Why I’m afraid of summer vacation

Summer vacation is around the corner and I’m afraid. The hours of unstructured time yawning before me, stretching unfathomably far into the future, have me quaking in my flip-flops. The very fact that I’m filled with dread speaks to my clear maternal deficiencies. According to the internet, other mothers feel excited about all the “quality time” summer affords them. They see sprinklers, trips to the zoo, and happy exhausted children experiencing childhood without the stress and rigors of school. I see something much more sinister that mostly involves whining, yelling, tears over dropped popsicles, and sweat.

Are my children worse than everyone else’s? Perhaps other people’s children wake to a day of nothingness and think: I can ride my bike, read in the shade, chase butterflies, and enjoy my youth today! Mine don’t. Mine wake up early and already bored; the water in the sprinkler is too cold and the sun at the amusement park is too hot; the water guns got run over by the lawn mower and they don’t wanna read a book in the shade.

I suspect that it’s me that’s worse. The other mothers head off their children’s boredom by constantly organizing outings and activities. My children are insatiable though.

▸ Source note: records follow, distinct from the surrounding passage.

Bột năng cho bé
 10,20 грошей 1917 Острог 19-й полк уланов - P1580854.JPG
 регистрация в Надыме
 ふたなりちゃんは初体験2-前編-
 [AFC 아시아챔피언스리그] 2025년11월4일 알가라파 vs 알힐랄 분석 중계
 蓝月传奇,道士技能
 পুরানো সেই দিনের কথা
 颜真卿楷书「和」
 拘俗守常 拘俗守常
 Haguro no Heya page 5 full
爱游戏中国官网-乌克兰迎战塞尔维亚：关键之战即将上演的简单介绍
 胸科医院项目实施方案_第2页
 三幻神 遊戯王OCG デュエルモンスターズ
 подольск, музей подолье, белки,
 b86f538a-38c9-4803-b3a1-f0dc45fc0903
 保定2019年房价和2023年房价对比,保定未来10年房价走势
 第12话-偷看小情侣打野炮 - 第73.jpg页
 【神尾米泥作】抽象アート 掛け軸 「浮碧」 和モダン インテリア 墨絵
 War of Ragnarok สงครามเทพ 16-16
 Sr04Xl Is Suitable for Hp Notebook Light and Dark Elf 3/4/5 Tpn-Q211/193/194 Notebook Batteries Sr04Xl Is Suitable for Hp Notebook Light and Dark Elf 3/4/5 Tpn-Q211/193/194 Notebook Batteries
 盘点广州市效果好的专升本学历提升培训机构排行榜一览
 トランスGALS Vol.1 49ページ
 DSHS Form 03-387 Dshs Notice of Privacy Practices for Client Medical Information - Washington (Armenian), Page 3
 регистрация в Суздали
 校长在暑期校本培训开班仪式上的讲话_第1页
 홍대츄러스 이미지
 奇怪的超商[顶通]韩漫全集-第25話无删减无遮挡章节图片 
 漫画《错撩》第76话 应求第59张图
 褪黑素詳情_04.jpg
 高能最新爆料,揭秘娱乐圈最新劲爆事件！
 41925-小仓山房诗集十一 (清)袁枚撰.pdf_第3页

We could spend all morning at a water park only to have them complain of boredom before we’ve made it out of the parking lot on our way home. They will play games, but only if I play with them. And here lies the crux of the problem: I don’t want to play with them. (See what I mean about maternal deficiency?) Those other mothers must enjoy the time spent with their children. I love my kids. I really do. Just thinking about them squeezes my heart in that slightly uncomfortable desperate way. But I like them more in theory than in practice.

At five and eight, their charms are not quite fully developed. Their jokes suck and their manners leave much to be desired. They’re not very good at games; they cry easily; and they whine and complain over every discomfort and delay – a mosquito bite or feeling peckish is the end of the world. I’m not much of a people person to begin with, but if I have to be around people I prefer adults, specifically the ones who have actually interesting things to say, actually funny senses of humor, and basically never ever fart on me.

We have some local day camps which my kids love. It’s a win-win situation as none of us really excel at dealing with unstructured time. The drawback is my guilt over sending them. After all, I’m supposed to be cherishing this time because it all goes so fast. Soon my little kids will be big kids, worse teenagers, and then they’ll move out and I’ll pine for these days. Today’s guilt transformed into tomorrow’s regret. They want so badly to play with me now and they’ll want nothing at all to do with me soon. Now’s the time I have to instill all the values in them, build the trust so they come to me when they’re grappling with serious problems, make sure they never drink and drive. I should be doing all of that while we cut star shapes out of watermelons and cover the driveway in chalk art.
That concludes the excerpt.